Por la Dra. Celia Chaín Navarro, Catedrática de Biblioteconomía y Documentación

El fondo Kati es posiblemente la colección documental mas importante que ha perdurado a lo largo de siglos, cuya trascendencia rebasa fronteras nacionales, religiosas y culturales. Sus manuscritos cuentan de primera mano una parte de la historia moderna de España y de Francia, de la costa africana, de los intercambios en el Mediterráneo y de los reinos del desierto del Sahara. Se inició en Toledo, y en ella sus fondos se enriquecieron considerablemente. Para salvarla, sus dueños tuvieron que exiliarse en 1468, utilizando el mar como vía de escape cruzaron las montañas africanas y terminaron estableciéndose en Mali, en Tombuctú, la ciudad que durante la Edad Media presumía de contar con 51 bibliotecas.

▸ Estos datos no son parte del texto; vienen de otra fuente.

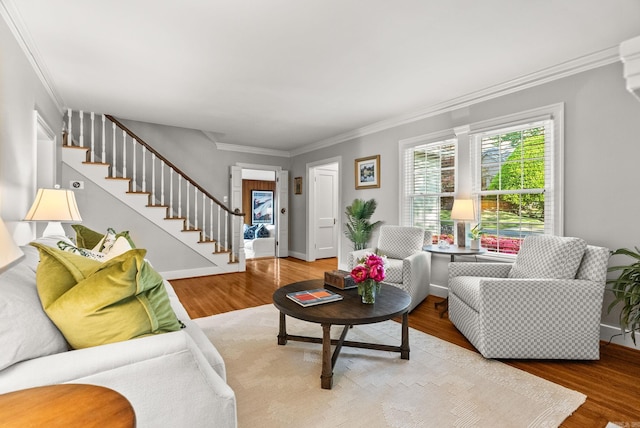 5715 Hawthorne Rd, Little Rock, AR 72207 - living area with stairway, ornamental molding, baseboards, and wood finished floors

Esta colección es tan importante que los expertos la comparan con la Genizah del Cairo y los manuscritos del Mar Muerto.

Uno de los manuscritos

Uno de los manuscritos del fondo Kati

El devenir de la Biblioteca

Esta historia sabe a mar y a arena del desierto, a héroes anónimos que lucharon por cumplir una misión. Cuenta un pasado común, de pueblos del Mediterráneo y de reinos africanos. De descendientes de reyes godos cuyo legado mas importante era una imponente colección de manuscritos en hebreo, castellano y árabe. También de exilio forzoso porque la intolerancia y la envidia pudieron mas que la cultura y la convivencia. Como la gran biblioteca de Alejandría sufrió persecución y estuvo a punto de ser aniquilada, pero a diferencia de aquella, el fondo Kati, la mítica y desconocida biblioteca andalusí, con casi 13000 manuscritos, se ha salvado.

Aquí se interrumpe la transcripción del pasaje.